+++ Exercise materials +++
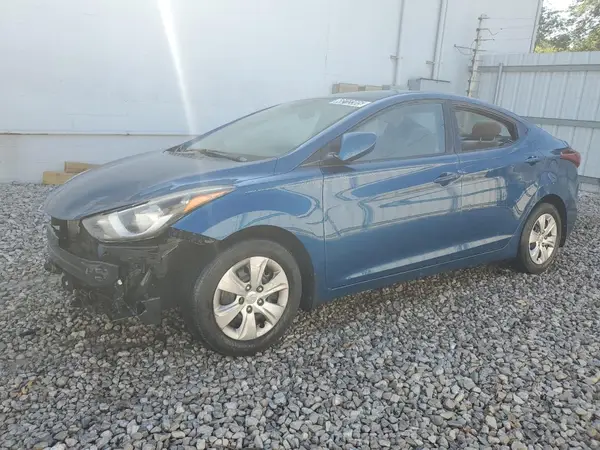 KMHDH4AE9GU655820 2016 HYUNDAI ELANTRA - Image 1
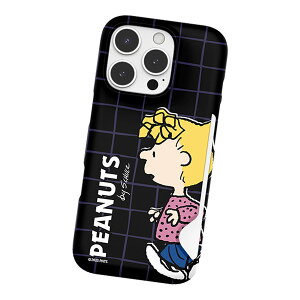 Snoopy Friends Run Pattern Card Hard s[ibc LN^[ J[h[ n[hP[X iPhone 16 Plus Pro Max 15 14 SE3 13 mini SE2 8 7 X}z P[X Jo[ Peanuts Xk[s[ EbhXgbN `[[ u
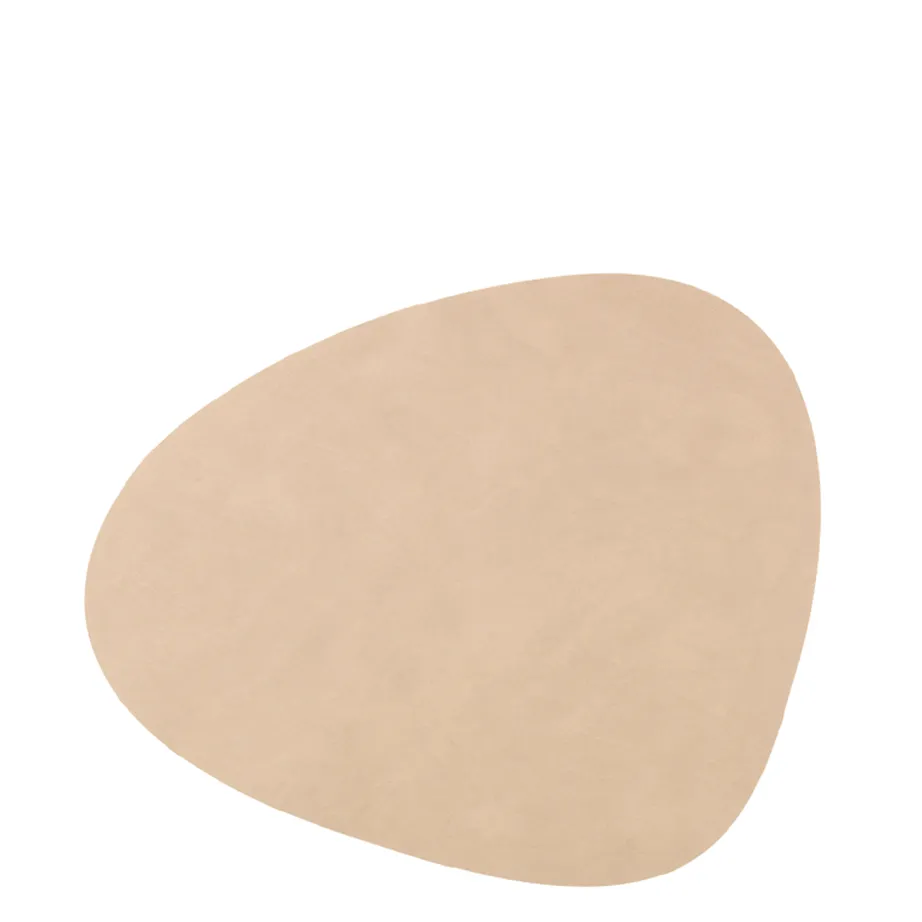 Curve Nupo Leather Small Table Mats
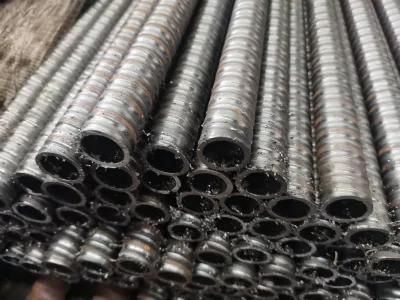 Solid Rebar Bolts Medium Hollow Steel Pipe Bolts for Protecting Rock Layers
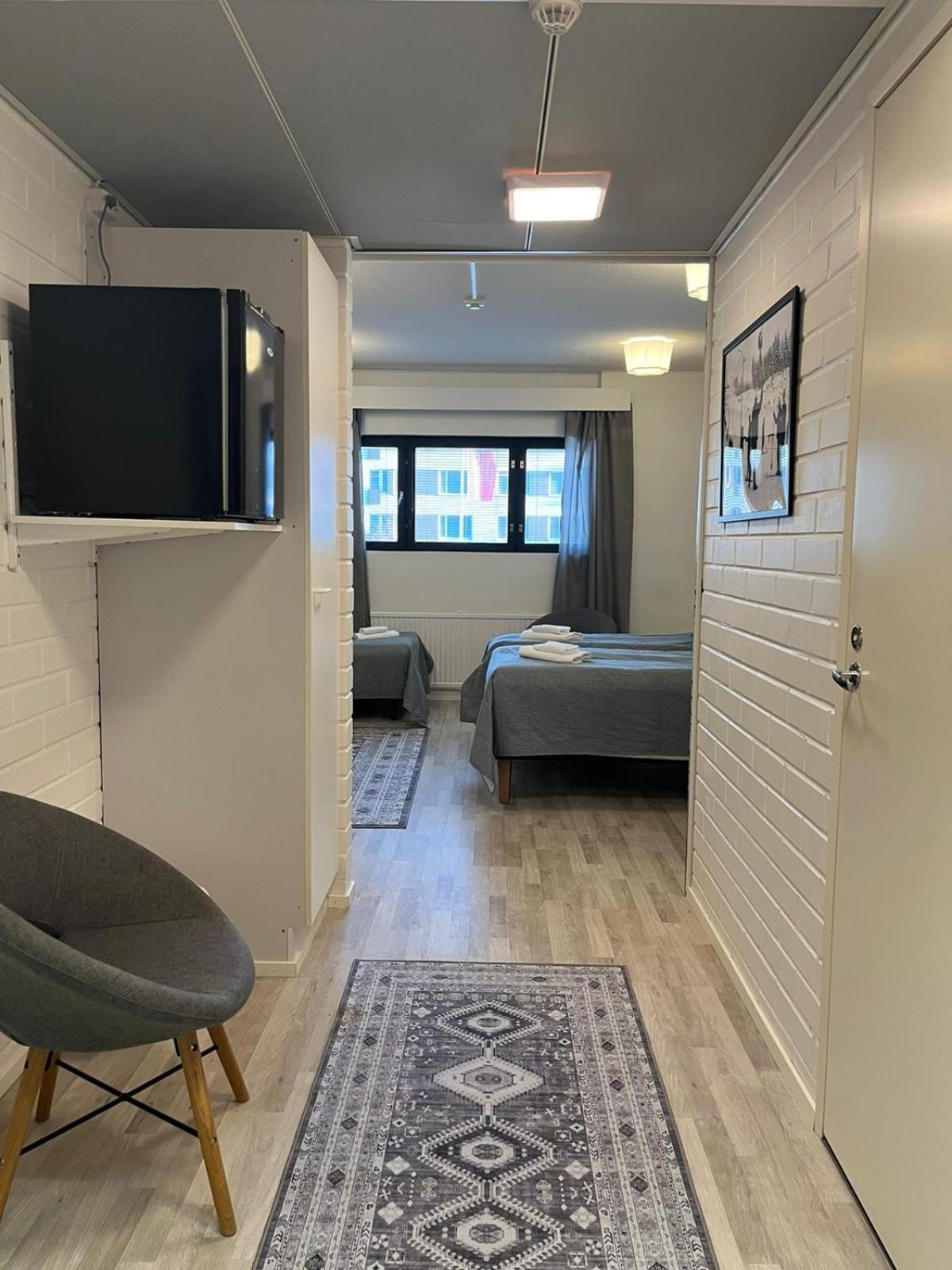 Outdoor Hostel Laajis Jyväskylä Exteriér fotografie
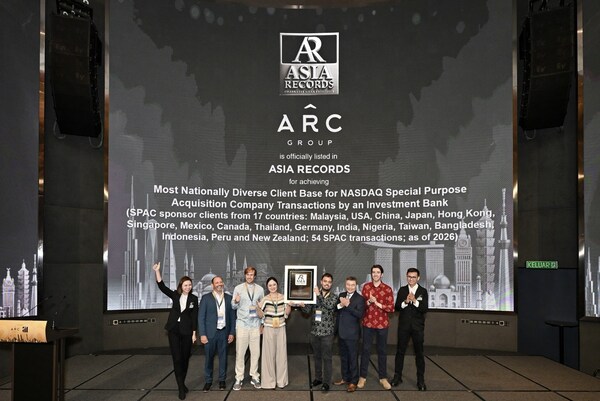 ARC Group Hosts Capital Markets & M&A Forum 2026 in Kuala Lumpur, Reinforcing Southeast Asia's Strategic Role in Global Capital Markets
+++
▶ Task details:
Up to and including the line with "Solid Rebar Bolts", copy the data above from its first line. Skip pictures.

▶ Response to the task:
 KMHDH4AE9GU655820 2016 HYUNDAI ELANTRA - Image 1
 Snoopy Friends Run Pattern Card Hard s[ibc LN^[ J[h[ n[hP[X iPhone 16 Plus Pro Max 15 14 SE3 13 mini SE2 8 7 X}z P[X Jo[ Peanuts Xk[s[ EbhXgbN `[[ u
 Curve Nupo Leather Small Table Mats
 Solid Rebar Bolts Medium Hollow Steel Pipe Bolts for Protecting Rock Layers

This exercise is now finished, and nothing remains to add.